Your task:
Each line from the one containing "There's an array" to the end of the entries is to be repeated exactly, and no other line.

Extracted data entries
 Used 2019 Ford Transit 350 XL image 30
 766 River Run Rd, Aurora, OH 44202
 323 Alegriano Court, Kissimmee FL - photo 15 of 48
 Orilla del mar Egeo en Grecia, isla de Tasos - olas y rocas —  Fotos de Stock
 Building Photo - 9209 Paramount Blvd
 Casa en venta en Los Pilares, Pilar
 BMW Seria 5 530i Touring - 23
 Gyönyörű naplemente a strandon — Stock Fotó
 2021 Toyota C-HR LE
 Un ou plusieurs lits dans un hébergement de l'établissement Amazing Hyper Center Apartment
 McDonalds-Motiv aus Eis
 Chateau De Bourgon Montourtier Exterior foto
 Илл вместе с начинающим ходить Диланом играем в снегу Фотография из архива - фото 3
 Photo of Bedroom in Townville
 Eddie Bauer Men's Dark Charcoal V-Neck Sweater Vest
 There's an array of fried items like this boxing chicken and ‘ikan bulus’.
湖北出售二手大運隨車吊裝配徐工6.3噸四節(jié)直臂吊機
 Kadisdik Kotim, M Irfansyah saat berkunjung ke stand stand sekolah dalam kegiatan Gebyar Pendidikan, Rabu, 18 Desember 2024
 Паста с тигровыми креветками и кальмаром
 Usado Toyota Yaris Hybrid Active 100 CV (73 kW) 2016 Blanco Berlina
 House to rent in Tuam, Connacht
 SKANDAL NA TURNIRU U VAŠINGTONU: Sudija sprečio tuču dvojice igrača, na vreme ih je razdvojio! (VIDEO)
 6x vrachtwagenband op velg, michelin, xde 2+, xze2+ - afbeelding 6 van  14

Written solution:
 There's an array of fried items like this boxing chicken and ‘ikan bulus’.
湖北出售二手大運隨車吊裝配徐工6.3噸四節(jié)直臂吊機
 Kadisdik Kotim, M Irfansyah saat berkunjung ke stand stand sekolah dalam kegiatan Gebyar Pendidikan, Rabu, 18 Desember 2024
 Паста с тигровыми креветками и кальмаром
 Usado Toyota Yaris Hybrid Active 100 CV (73 kW) 2016 Blanco Berlina
 House to rent in Tuam, Connacht
 SKANDAL NA TURNIRU U VAŠINGTONU: Sudija sprečio tuču dvojice igrača, na vreme ih je razdvojio! (VIDEO)
 6x vrachtwagenband op velg, michelin, xde 2+, xze2+ - afbeelding 6 van  14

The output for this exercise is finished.